At gitsin soğuk savaş gözlüğünü! (1)
Ankara’da “
darbeciler” ile ilgili gündem yoğun. 12 Eylül paşalarının ilk duruşmasından sonra, 28 Şubat’ın önde gelen paşaları da gözaltına alınıyor. Bütün yetersizliklerine rağmen güzel gelişmeler. Darbeci paşalardan belki kurtulacağız… Ama topu tüfeği, askeri ile sokakta darbe yapan güçlerin, psikolojik savaş aracı olarak beyinlerimize yerleştirdiklerinden nasıl kurtulacağız? Burnumuzun üstünde asılı duran soğuk savaş gözlüklerini ne zaman kaldırıp atacağız?
Sevgili okurum, madem devlet darbecileri mahkemeye çıkarıyor, çorbada tuzum olsun kabilinden, ben de darbe kahramanları tarafından kafamızda yaratılan algı ve önyargılarından bazılarını bu köşede sizlere teşhir etmek istiyorum!
İsterseniz, biraz gerilere doğru gidelim…
“
12 Eylül öncesi gençlik” terimi, darbeciler tarafından kavgacı, vatan haini, anarşist, satılmış bir nesli çağrıştırır oldu. Doğrusu, elimizi vicdanımıza koyalım ve hatırlayalım, 12 sabahı çoğumuz, sokak çatışmaları, faili meçhul cinayetler sona erdi diye, darbeye sevindik…
Gerçi, hatırı sayılır kalabalıkta bir kesim biliyor, ya da hissediyordu… Son yıllarda daha bir ortaya çıktı ki, aslında 12 sabahı terörü şıp diye durduranlar, terörün tırmanmasını kaşımıştı, darbe ortamını yaratmıştı.
Sadece sesli düşünüyorum…
İnsanların birbirine sopayla, bıçakla, silahla saldırması için aşırı şekilde birbirine karşı doldurulmuş olması gerekiyor.
Bizde “
68 Kuşağı”, malum ağırlıkla anti-emperyalist, Amerikan karşıtı, yer yer sol, ulusalcı bir siyasal hareketti.
“
78 Kuşağı” kuşağı, daha fazla sol, sosyalizm hayalleri kurdu. Sadece öğrenci gençlik ile sınırlı olmadı, kitlesel hal aldı, 1-2 milyon insanı etkiledi, yoksul halk, gecekondu, yer yer de köylü kesimlerini harekete geçirdi.
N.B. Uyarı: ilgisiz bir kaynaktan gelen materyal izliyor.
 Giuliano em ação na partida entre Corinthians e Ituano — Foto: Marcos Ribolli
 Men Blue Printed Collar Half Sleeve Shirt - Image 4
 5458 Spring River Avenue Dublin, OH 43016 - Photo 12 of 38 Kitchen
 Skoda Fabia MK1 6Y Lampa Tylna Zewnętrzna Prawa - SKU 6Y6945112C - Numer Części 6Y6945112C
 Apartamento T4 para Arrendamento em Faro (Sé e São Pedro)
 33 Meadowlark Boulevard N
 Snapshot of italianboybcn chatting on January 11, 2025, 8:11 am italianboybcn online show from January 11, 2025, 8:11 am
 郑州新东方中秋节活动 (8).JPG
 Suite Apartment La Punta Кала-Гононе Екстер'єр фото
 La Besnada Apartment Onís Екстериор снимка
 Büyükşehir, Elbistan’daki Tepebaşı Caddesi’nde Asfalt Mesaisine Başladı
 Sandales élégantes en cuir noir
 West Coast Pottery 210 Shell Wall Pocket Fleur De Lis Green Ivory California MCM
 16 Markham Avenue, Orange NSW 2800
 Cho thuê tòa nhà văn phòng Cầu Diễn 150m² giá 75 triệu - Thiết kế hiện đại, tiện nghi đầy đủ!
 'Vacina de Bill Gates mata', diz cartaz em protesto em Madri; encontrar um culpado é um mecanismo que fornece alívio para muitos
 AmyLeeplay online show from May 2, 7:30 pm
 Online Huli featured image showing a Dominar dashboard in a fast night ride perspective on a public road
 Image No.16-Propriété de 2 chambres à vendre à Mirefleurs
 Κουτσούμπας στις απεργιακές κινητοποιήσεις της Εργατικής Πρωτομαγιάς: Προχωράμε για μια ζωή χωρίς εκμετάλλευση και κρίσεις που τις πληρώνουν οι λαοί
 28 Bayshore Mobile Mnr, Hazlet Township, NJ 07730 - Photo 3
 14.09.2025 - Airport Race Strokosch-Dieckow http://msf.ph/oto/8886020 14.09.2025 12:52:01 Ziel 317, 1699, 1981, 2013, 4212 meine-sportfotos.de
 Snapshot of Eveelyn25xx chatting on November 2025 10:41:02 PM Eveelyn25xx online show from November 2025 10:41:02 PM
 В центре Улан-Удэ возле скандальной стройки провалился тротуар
Sağ siyaset daha ziyade, sola tepki olarak çıktı. Sağ kesim eli boş durmadı, milliyetçi, yer yer İslamcı bir içerikle örgütlendi, devletten kontrollü bir himaye gördü. Hükümete sol, örneğin CHP gelse de durum değişmedi.
Dikkatinizi çekerim:
ister sağcı olsun, ister solcu olsun, hem 68, hem 78 kuşağını harekete geçiren ülkenin, vatanın, halkın vs. kurtuluşu hayaliydi… Çok marjinal denebilecek örnekler dışında
kimse kişisel çıkar, para kazama, servet elde etme derdinde değildi. Gençlerin yüreğindeki coşku, yaşadıkları heyecan, onları gözünü kırpmadan kavgaya, ölüme sürükleyen şey yurtseverlikleri, vatanseverlikleriydi; daha demokratik, daha özgür bir Türkiye hayaliydi. Öğrenciler parasız, demokratik ve özerk bir üniversite istiyor: işçiler sendikalaşma, daha düzgün çalışma ortamı, yönetimde söz hakkı istiyordu. Yaşı 50 ve üstü olanlar bunun canlı tanığıdırlar.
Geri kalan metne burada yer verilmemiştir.